Knee pain that’s associated with weight lifting is often caused by squats and lunges, which require excess force to be placed on the knee. During squats, the back of the kneecap is subjected to 7.5 times more force than usual. Patellar tracking problems, tendinitis and chondromalacia patella can cause knee problems for weight lifters. Patellofemoral pain, also known as runner’s knee, refers to numerous conditions that cause pain around the anterior portion of the knee. Although runners most commonly have this type of pain, the force placed on the knee during weight lifting can also cause the same types of knee problems.
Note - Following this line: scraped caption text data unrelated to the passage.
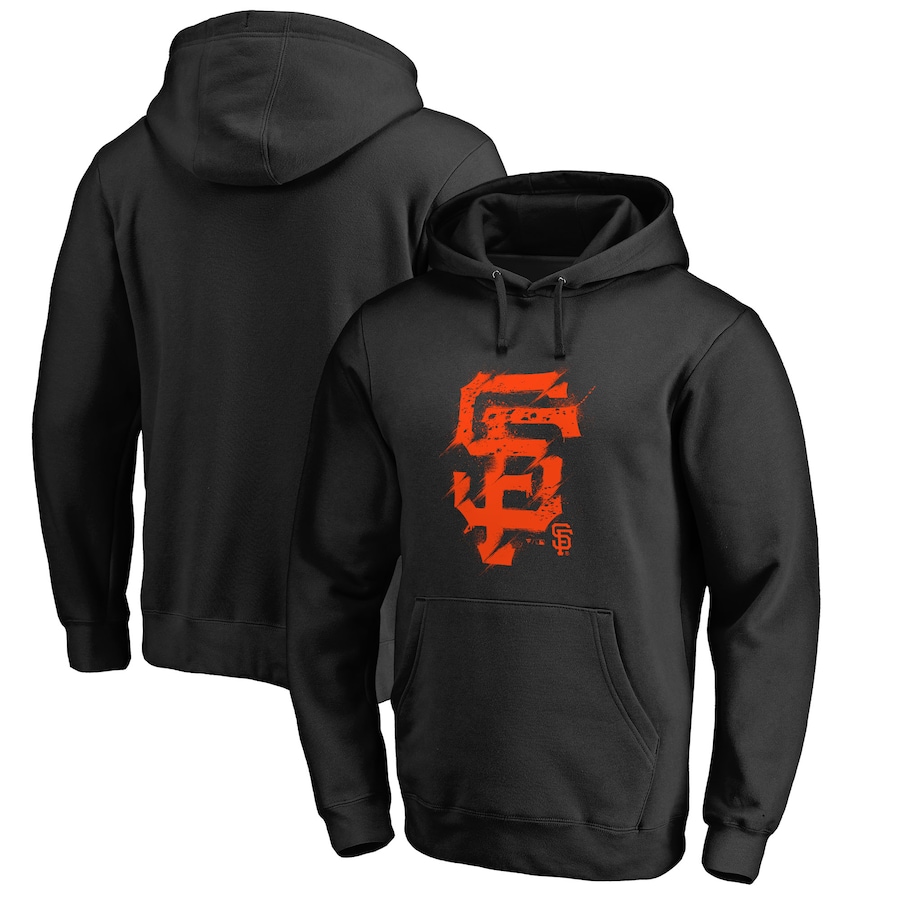 Men's San Francisco Giants Black Splatter Logo Pullover Hoodie Men's San Francisco Giants Black Splatter Logo Pullover Hoodie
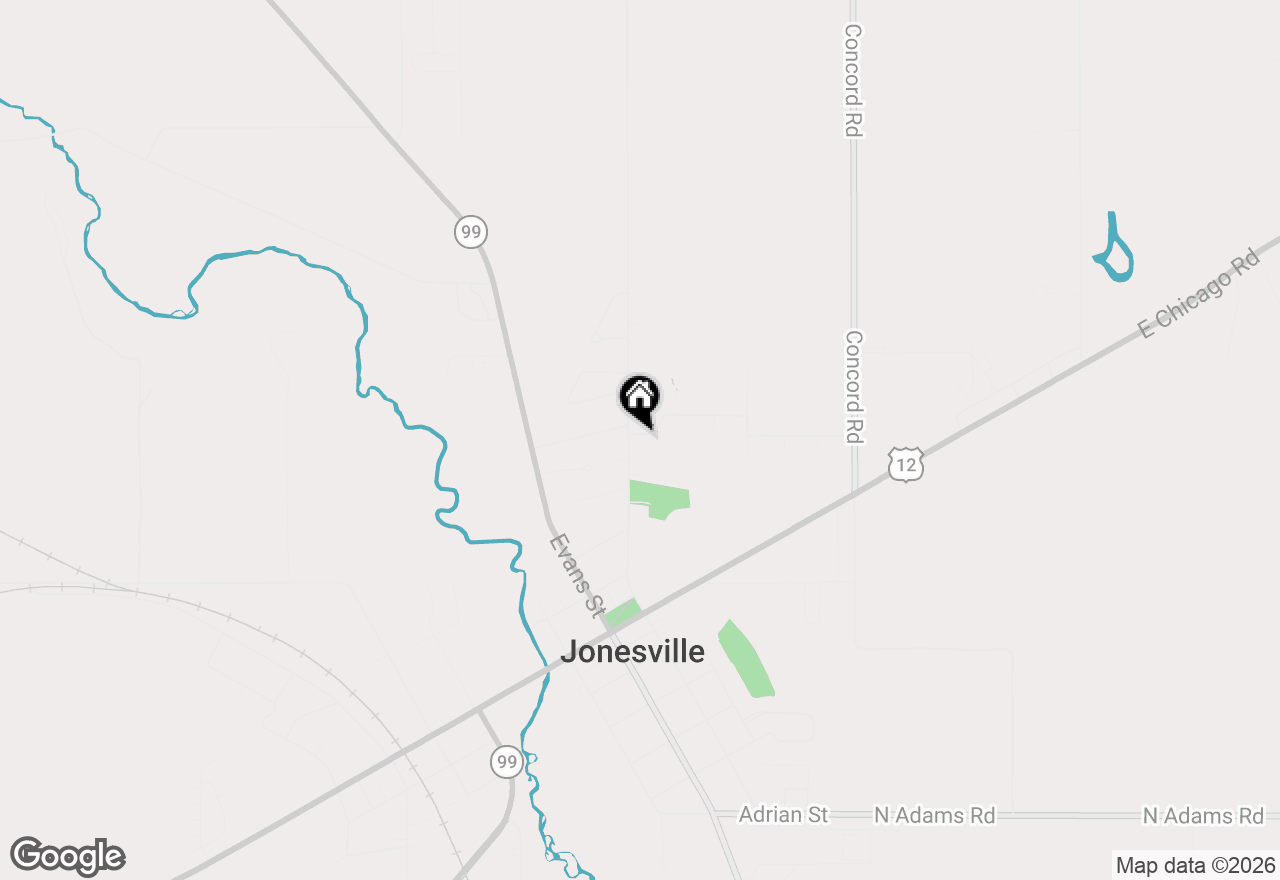 Map of 400 Parkwood Drive, Jonesville, MI 49250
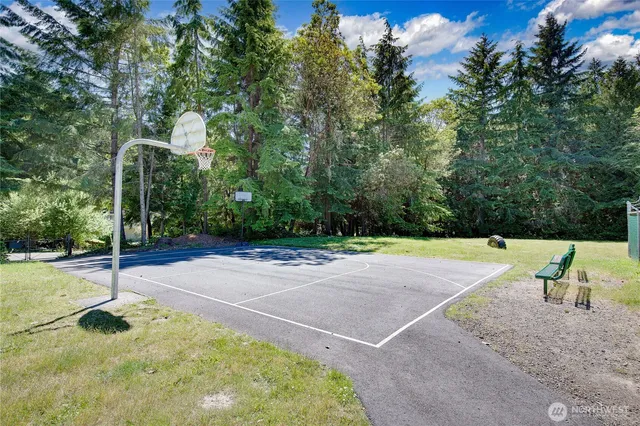 a view of a park with swings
If you have kneecap tracking problems, there will be wear and tear of the cartilage posterior to the patella. If this wear and tear is left untreated, it can result in chondromalacia which is excessive wear of the cartilage. Women most often develop patellar tracking problems because their hip joints are farther apart from the knee joints, causing the kneecaps to point out to the side. You may hear a popping sound inside your knee and pain if you sit for long periods of time. If you’re experiencing patellofemoral pain, you may feel a dull pain under or on the front of the patellar. Chondromalacia occurs in adolescents and young adults. Chondromalacia can result in pain after resting; general tenderness; or a grinding sensation.
Most knee pain caused by weight lifting can be treated with R.I.C.E. -- rest, ice, compress and elevate. An over-the-counter nonsteroidal anti-inflammatory drug can relieve discomfort during the recovery process. Do not perform squats or lunges during the recovery period since this can cause further damage and decrease your speed of recovery. Stretch and strengthen your hamstrings and quadriceps because this is an important part of treatment and prevention of future knee problems. Strong hamstrings and quadriceps help hold the kneecap in place. A deep tissue massage can also help relieve pain from tendinitis. Tape your knee while it recovers from any type of pain. Surgery is rarely needed unless fragments of damaged kneecap cartilage need removal or the kneecap needs to be realigned.
The first step in preventing knee pain from weight lifting is to perform the exercise correctly. If you’re unsure how to perform an exercise, do not do it until you have consulted with a personal trainer or physician. Avoid sudden changes in weight lifting intensity since you are setting yourself up for knee problems if you lift more than you can handle. Increasing the amount of weight and reps you complete needs to be a gradual process.